Qualsiasi italiano, compresi i tecnici dei servizi di supporto al Parlamento e al Governo, consulta, ovviamente, la normativa dell’Unione Europea solo nella versione redatta nella propria lingua che non può non coincidere con le versioni redatte in tutte le altre lingue, così che, essendo stata quella frase del tutto omessa nel testo del Regolamento pubblicato in italiano nella Gazzetta Ufficiale dell’Unione Europea è stato possibile pensare, per chi consultava, anche molto attentamente, il testo normativo, che, contrariamente al vero, esso non contenesse alcun divieto esplicito di discriminare coloro che si sarebbero sottratti volontariamente alla vaccinazione.

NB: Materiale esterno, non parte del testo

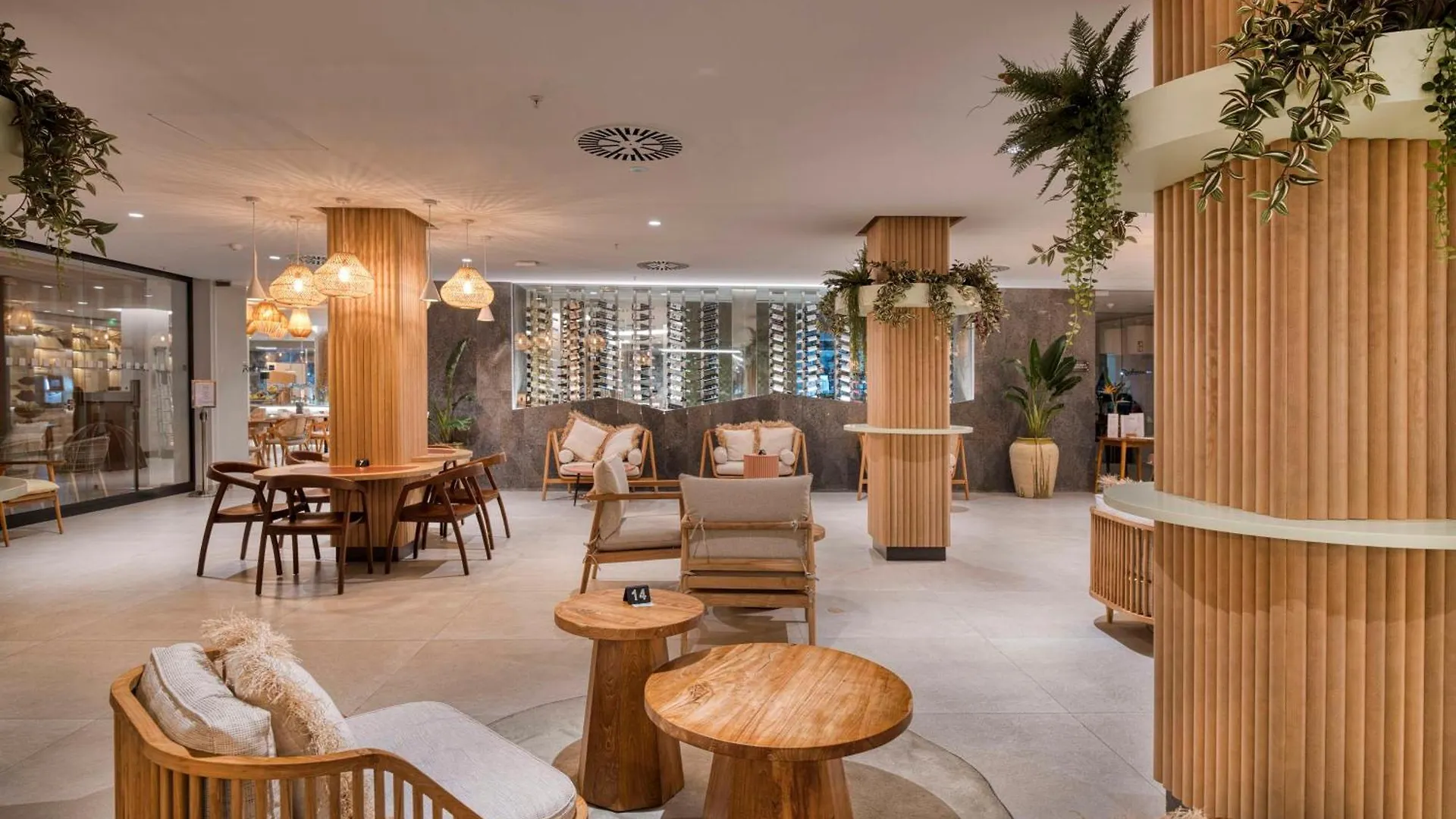 Radisson Blu Resort, Lanzarote Adults Only Costa Teguise 4*,  España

Qualche giurista più meticoloso, o magari solo leggermente antipatico, ha però notato la strana omissione e la questione è divenuta poi oggetto specifico dell’interrogazione proposta da un deputato europeo alla Commissione per ottenere chiarimenti su “come si intende intervenire per sanare il vulnus del testo in lingua italiana anche al fine di non lasciare spazi per interventi normativi nazionali volti a discriminare chi legittimamente decide di non vaccinarsi”.

La soluzione adottata è stata quella di pubblicare un'”errata corrige” in una successiva Gazzetta Ufficiale dell’Unione Europea , riportando la sola parte di testo omessa e avvisando che si era trattato di un semplice e banale errore dei curatori della versione italiana che avevano dimenticato di inserire tale frase che, invece, faceva e fa parte integrante e a pieno titolo del dettato normativo.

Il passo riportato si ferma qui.